Diretor e Produtor do documentário para TV No Olho Do Furacão. Prêmios de produção: “Itaú Rumos” e “Documentários Inéditos do MINC”. Em 2003, recebeu o Prêmio Especial do Júri na 30ª Jornada da Bahia.

Diretor e Produtor do longa metragem de ficção Latitude Zero. Em 2001, o filme participou da 51ª Festival de Berlim, Seção Panorama. Ganhou 15 prêmios em festivais nacionais e internacionais nas categorias de melhor direção, ator, atriz e arte. Foi lançado comercialmente em março de 2002 e está disponível em DVD e VHS.

Diretor e Produtor de O Velho, A História De Luís Carlos Prestes. Documentário longa metragem e série de 04 episódios para TV. Ganhou 3 prêmios de melhor filme em festivais de cinema nacionais e foi premiado em Cuba.

Diretor da série “Teletubbies” da Rede Globo, em 1988.

Diretor do programa “Conexão Roberto D’avila”, de entrevistas, em 1996.

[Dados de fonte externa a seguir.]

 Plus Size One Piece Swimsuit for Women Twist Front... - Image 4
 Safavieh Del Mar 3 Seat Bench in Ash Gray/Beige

Diretor da série de documentários institucionais “Gente Que Faz”, patrocinado pelo Banco Bamerindus (1995 – 97).

Diretor e Produtor dos seguintes curtas metragens: Ficção futurista com Jonas Bloch passada nos últimos dias do milênio; Guerras, Documentário sobre a vida do poeta luso-brasileiro Antonio José, que morreu queimado nas fogueiras da Inquisição no século XVIII; e Under The Table sobre o drama dos imigrantes ilegais latino-americanos que vivem em Toronto, Canadá.

Atualmente é dono da produtora audiovisual Olhar Imaginário.